START Provided data

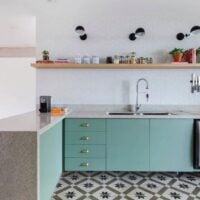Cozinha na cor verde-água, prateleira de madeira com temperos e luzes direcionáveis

END Provided data
START Provided data

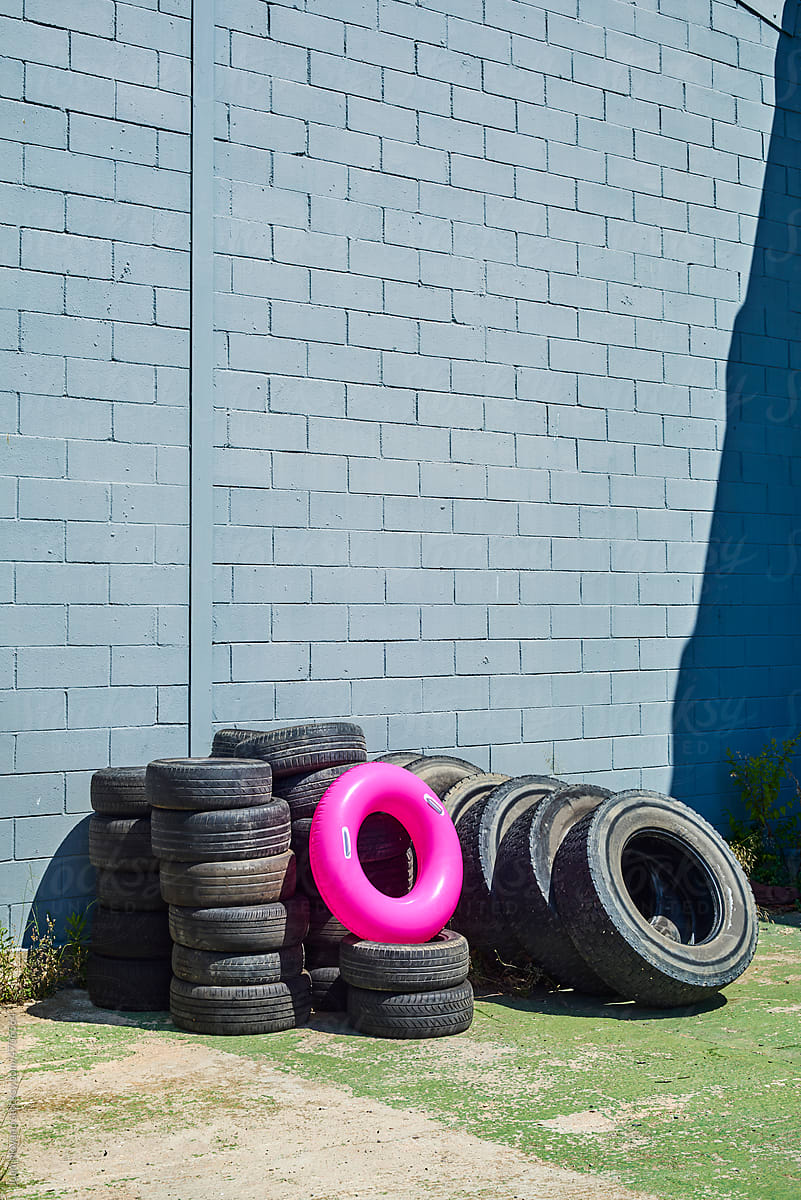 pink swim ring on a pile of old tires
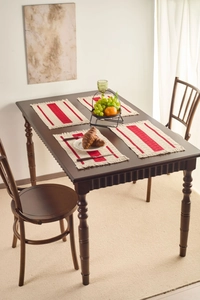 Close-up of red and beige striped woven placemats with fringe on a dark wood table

END Provided data

Though the entries above contain pictures, none should be copied; reproduce only the lines between the one holding "pink swim ring on a pile of old tires" and the one holding "Close-up of red", inclusive, exactly as written.

 pink swim ring on a pile of old tires
 Close-up of red and beige striped woven placemats with fringe on a dark wood table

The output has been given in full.